El doctor Sánchez vivía cerca, en una casa de aspecto pobre. Era un hombre grueso,
rubio, de ojos azules, inexpresivos, con una cara de carnero, de aire poco inteligente. El doctor Sánchez llevó la conversación a la cuestión de la ganancia, y le dijo a Andrés que no creyera que allí, en Alcolea, se sacaba mucho. Don Tomás, el médico aristócrata del pueblo, se llevaba toda la clientela rica. Don
Tomás Solana era de allí; tenía una casa hermosa, aparatos modernos, relaciones...
—Aquí el titular no puede más que mal vivir —dijo Sánchez.
—¡Qué le vamos a hacer! —murmuró Andrés—. Probaremos.
El secretario, el médico y Andrés salieron de la casa para dar una vuelta. Seguía aquel calor exasperante, aquel aire inflamado y seco. Pasaron por la plaza,
con su iglesia llena de añadidos y composturas, y sus puestos de cosas de hierro y esparto. Siguieron por una calle ancha, de caserones blancos, con su balcón central lleno de geranios, y su reja, afiligranada, con una cruz de Calatrava en lo alto. De los portales se veía el zaguán con un zócalo azul y el suelo empedrado de piedrecitas, formando dibujos.
Algunas calles extraviadas, con grandes paredones de color de tierra, puertas enormes y ventanas pequeñas, parecían de un pueblo moro. En uno de aquellos patios vio Andrés muchos hombres y mujeres de luto, rezando.
—¿Qué es esto? —preguntó.
—Aquí le llaman un rezo —dijo el secretario; y explicó que era una costumbre que se tenía de ir a las casas donde había muerto alguno a rezar el rosario. Salieron del pueblo por una carretera llena de polvo; las galeras de cuatro ruedas volvían del campo cargadas con montones de gavillas.
—Me gustaría ver el pueblo entero; no me formo idea de su tamaño —dijo Andrés.
—Pues subiremos aquí, a este cerrillo —indicó el secretario.
—Yo les dejo a ustedes, porque tengo que hacer una visita —dijo el médico.
Se despidieron de él, y el secretario y Andrés comenzaron a subir un cerro rojo, que tenía en la cumbre una torre antigua, medio derruida. Hacía un calor horrible, todo el campo parecía quemado, calcinado; el cielo plomizo, con reflejos de cobre, iluminaba los polvorientos viñedos, y el sol se ponía tras de un velo espeso de calina, a través del cual quedaba convertido en un disco blanquecino y sin brillo. Desde lo alto del cerro se veía la llanura cerrada por lomas grises, tostada por el sol; en el fondo, el pueblo inmenso se extendía con sus paredes blancas, sus tejados de color de ceniza, y su torre dorada en medio. Ni un boscaje, ni un árbol, sólo viñedos y viñedos, se divisaban en toda la extensión abarcada por la vista; únicamente dentro de
las tapias de algunos corrales una higuera extendía sus anchas y oscuras hojas.

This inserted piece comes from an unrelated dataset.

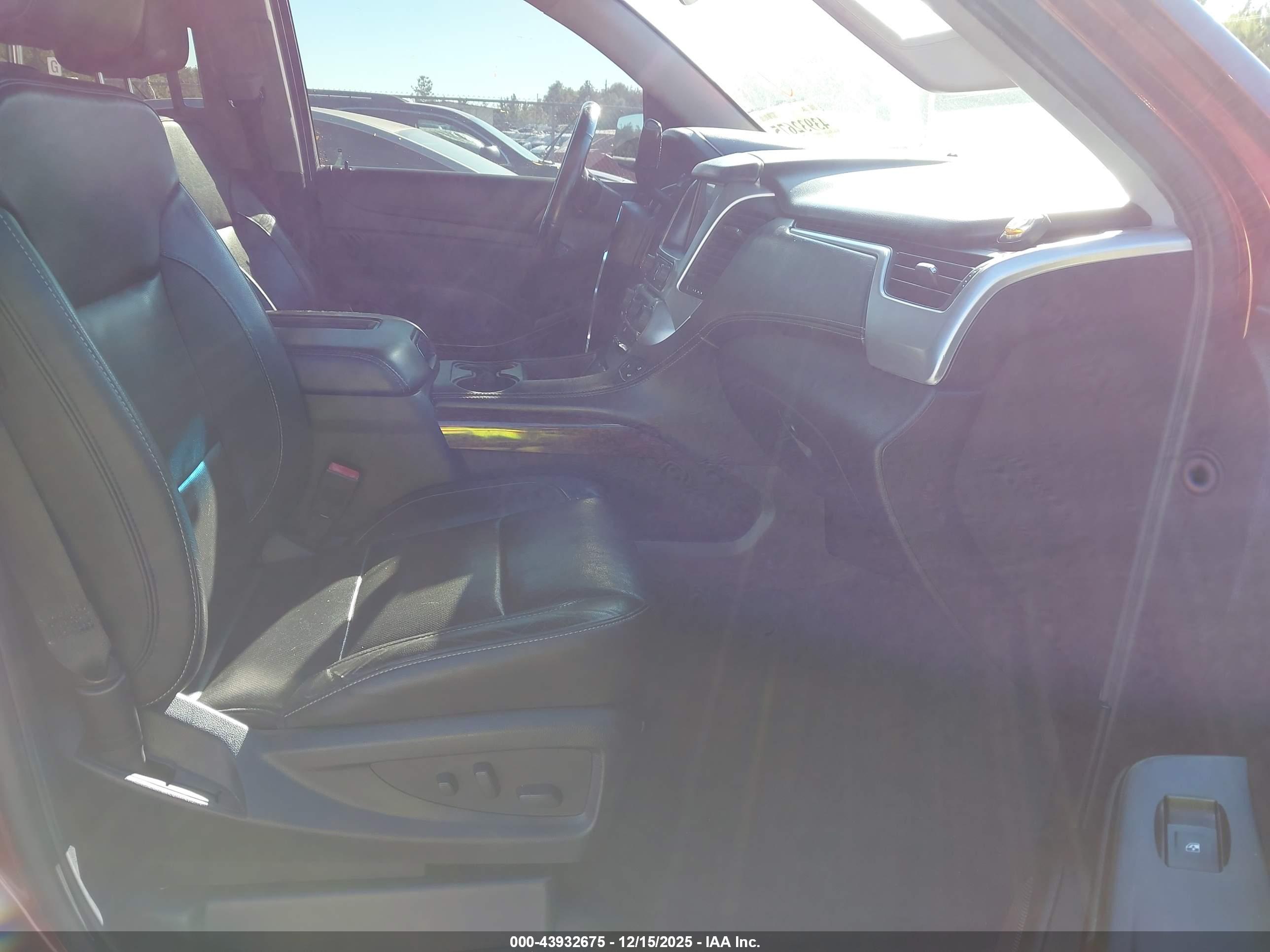 GMC YUKON image 5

Con aquella luz del anochecer, el pueblo parecía no tener realidad; se hubiera creído que un soplo de viento lo iba a arrastrar y a deshacer como nube de polvo sobre la tierra enardecida y seca.

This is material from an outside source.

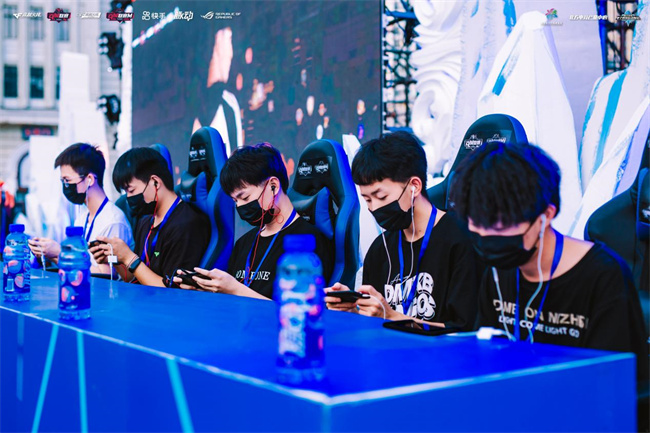 的判断上 的判断上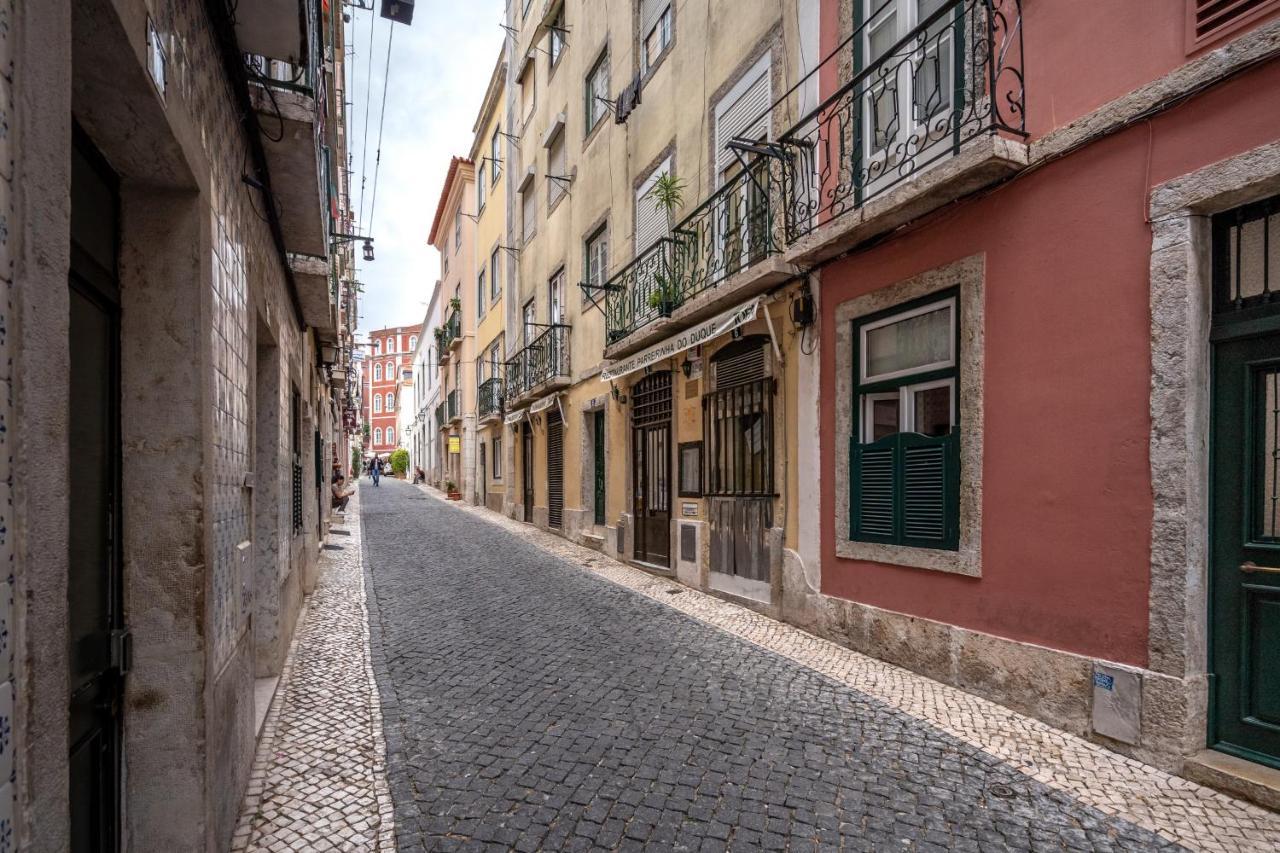 Cozy One Bedroom Apt In Historic Location - Carmo Lisboa Exteriör bild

En el aire había un olor empireumático, dulce, agradable.
—Están quemando orujo en alguna alquitara —dijo el secretario.
Bajaron el secretario y Andrés del cerrillo. El viento levantaba ráfagas de polvo en
la carretera; las campanas comenzaban a tocar de nuevo. Andrés entró en la fonda a cenar, y salió por la noche. Había refrescado; aquella impresión de irrealidad del pueblo se acentuaba. A un lado y a otro de las calles, languidecían las cansadas lámparas de luz eléctrica.

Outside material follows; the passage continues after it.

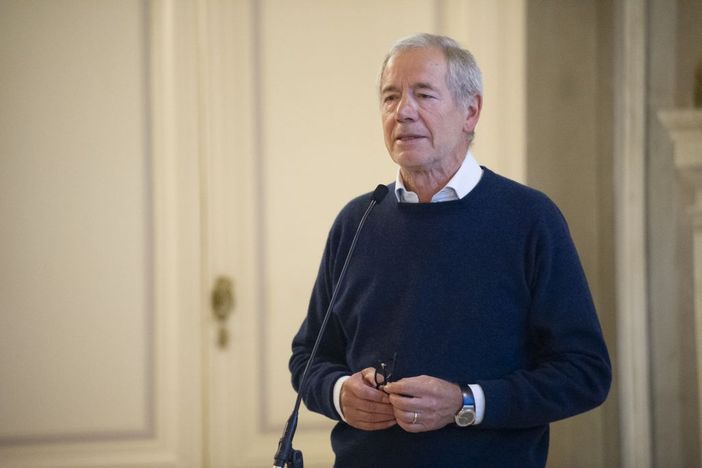 Covid, Bertolaso: “Pronti a riaprire i centri massivi per la vaccinazione anche in 24 ore Covid, Bertolaso: “Pronti a riaprire i centri massivi per la vaccinazione anche in 24 ore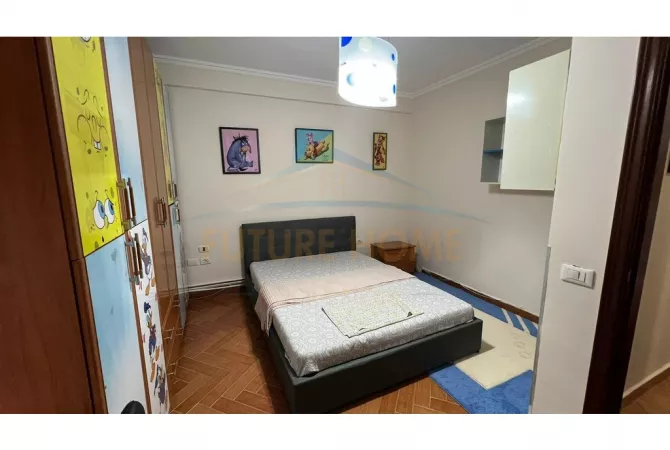 Shtepi ne shitje Apartament ne Tirane, 3+1, Mobilimi E mobiluar, Pagesa 320,000  Euro.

Salió la luna; la enorme ciudad, con sus fachadas blancas, dormía en el silencio; en
los balcones centrales encima del portón, pintado de azul, brillaban los geranios; las
rejas, con sus cruces, daban una impresión de romanticismo y de misterio, de tapadas y escapatorias de convento; por encima de alguna tapia, brillante de blancura como un témpano de nieve, caía una guirnalda de hiedra negra, y todo este pueblo, grande, desierto, silencioso, bañado por la suave claridad de la luna, parecía un inmenso sepulcro.